'''

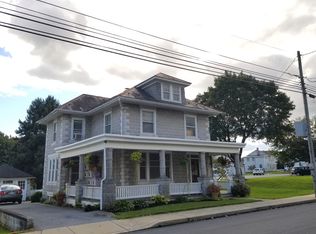 1132 Main St, Akron, PA 17501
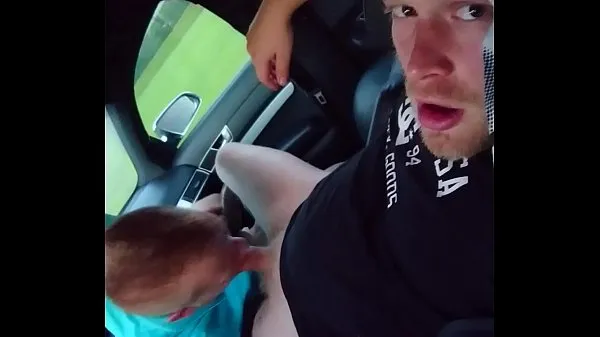 Vis Sucking Cock Deepthoat In Car drive-videoer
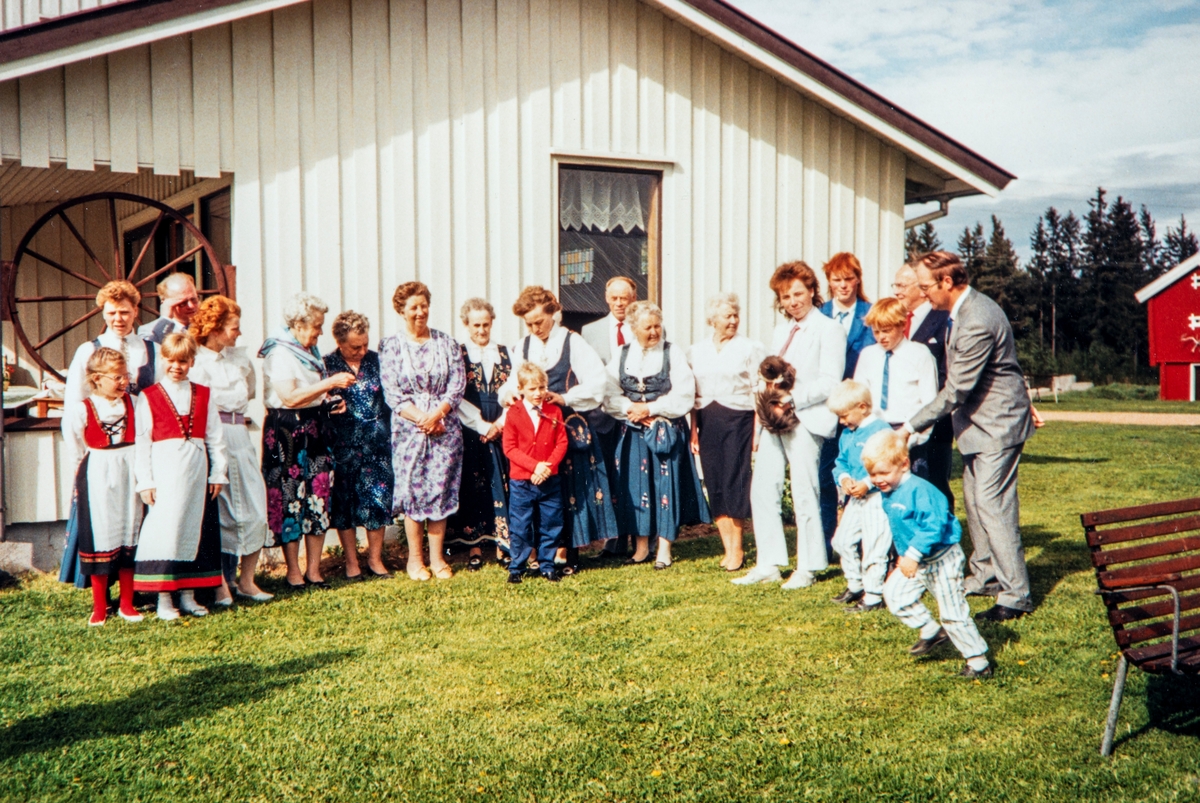 Konfirmasjonen til Jan Flagstad i 1987. På Flagstad gård i Løten. 
1: Marianne Omland (nå Vikebø), 2: Odbjørg Flagstad, Ingvild Flagstad, 4: Ola Bergseng, 5: Elin Bergseng, 6:Lillian Søhagen, 7:Karen Fossaubråten(?), 8: Olga Bakken, 9: Tora Godager, 10: Else Grethe Bratberg, 11: Geir Olav Bratberg, 12: Petter Bakken, 13: Solveig Bakken, 14: Gerd Godager, 15: Jan Flagstad, 16: ? Bratberg, 17: ? Bratberg, 18: Gunnar Godager, 19: Sverre Bratberg, 20: Øyvind Omland, 21: ? Omland.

'''

## YOUR INSTRUCTIONS
Exactly as written, reproduce the lines from the beginning of the material through the line with "Konfirmasjonen til Jan", and skip any picture.

## RESPONSE
 1132 Main St, Akron, PA 17501
 Vis Sucking Cock Deepthoat In Car drive-videoer
 Konfirmasjonen til Jan Flagstad i 1987. På Flagstad gård i Løten. 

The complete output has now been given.